「家族とは血縁や法制度で規定されるのではなく、生活をシェアする仲間」と考える人が増えているというGQジャパンの記事を受けて谷口は以下のようにコメントした。
「擬似家族だな。家族でなくても家族のようであればそれでいいんだよ」
家族とはそもそも血縁というもっとも原初的な繋がりによって支えられた共同体だった。原始社会ほど血縁を大事にする。家父長制によって支えられた大家族は既に崩れたが、今度は核家族というあり方も揺らぐ兆候が見えていたようだ。
戦前の産めよ増やせよ富国強兵の時代に於いて、5人以上の兄弟はそう珍しくなかった。そして戦後に厚生労働省が定めた「標準家族」は父母と子供2人の4人家族。
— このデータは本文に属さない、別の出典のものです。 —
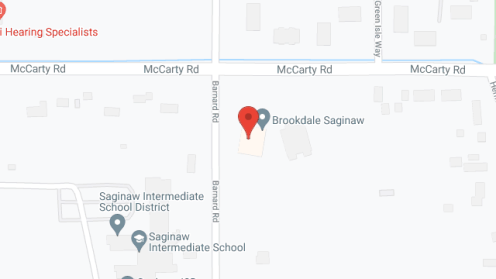 Map of the neighborhood around Brookdale Saginaw Memory Care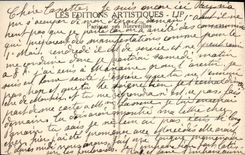 VINTAGE POSTCARD Paris Trocadero and the Bridge of Iena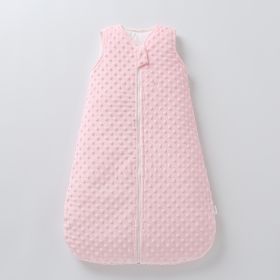 Baby Autumn And Winter Sleeping Bags Quilted Thick Warm Vest Sleeping Bag (Option: Light Pink Vest-Free Size 0 September)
やがて核家族化が問題の焦点となった。総務省が2011年に発表した国勢調査結果によれば、2010年10月の時点で全国の単身世帯は初めて3割を超える割合に達し、最も多い世帯構成となったそうだ。大家族からどんどん人が減っていき、ついに我々の多くは「単身」となり、一人世帯が標準となってしまった。
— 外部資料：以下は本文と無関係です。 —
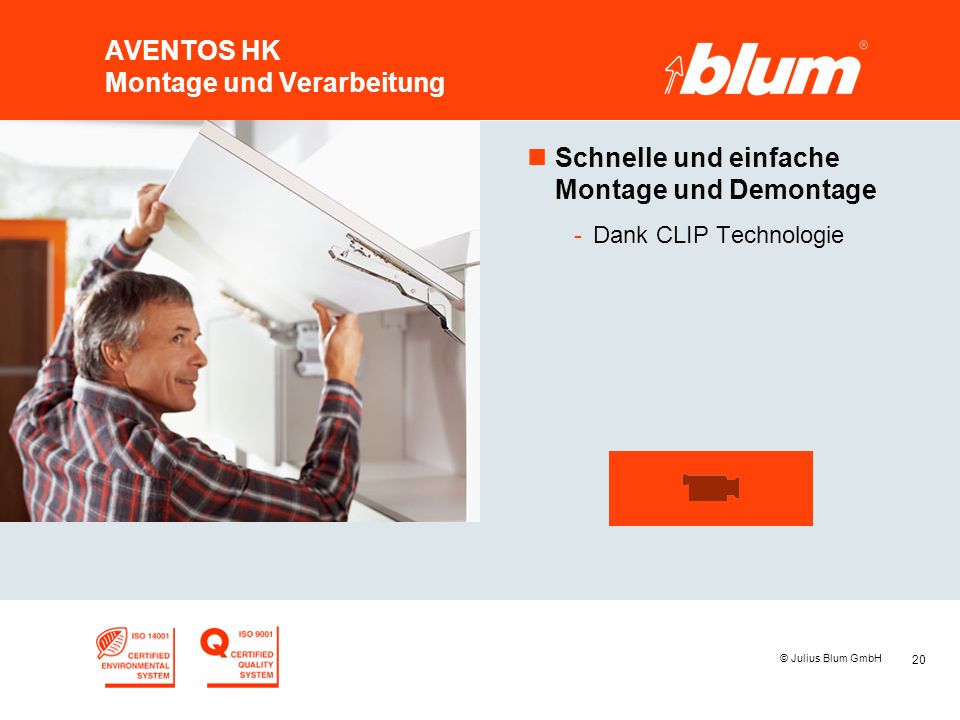 AVENTOS HK Montage und Verarbeitung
対して、今回の事例で取り上げたような伝統的な家族形態に縛られない「ダイバーシティ」家族は未だ5%前後に過ぎないが、その数は増加傾向にある。
これは家族が何人で構成されているかという問題を大きく飛び越えている。何故ならこれまで何人家族であろうがその根底にあったのは血縁という繋がりであったが、ダイバーシティ家族はもはや血縁を全く意に介さない。核家族の中に何の脈略もなく放り込まれた同性愛者でさえ平等に家族と見なすのだから。
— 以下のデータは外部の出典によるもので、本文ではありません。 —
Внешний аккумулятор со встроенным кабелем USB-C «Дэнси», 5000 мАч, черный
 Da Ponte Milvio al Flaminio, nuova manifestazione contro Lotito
そこには血縁という縛りを飛び越えた大家族の再生がある。谷口はこの記事のレポートに「幸福の多様化」という言葉を書き入れた。家族でなくても、血が繋がっていなくても、家族のようであれば幸福。今週のイマジナスキーワードには「手の復権」というものがあったが、幸せの多様化とは失われた大家族の血縁を超えた復権でもあるのではないだろうか。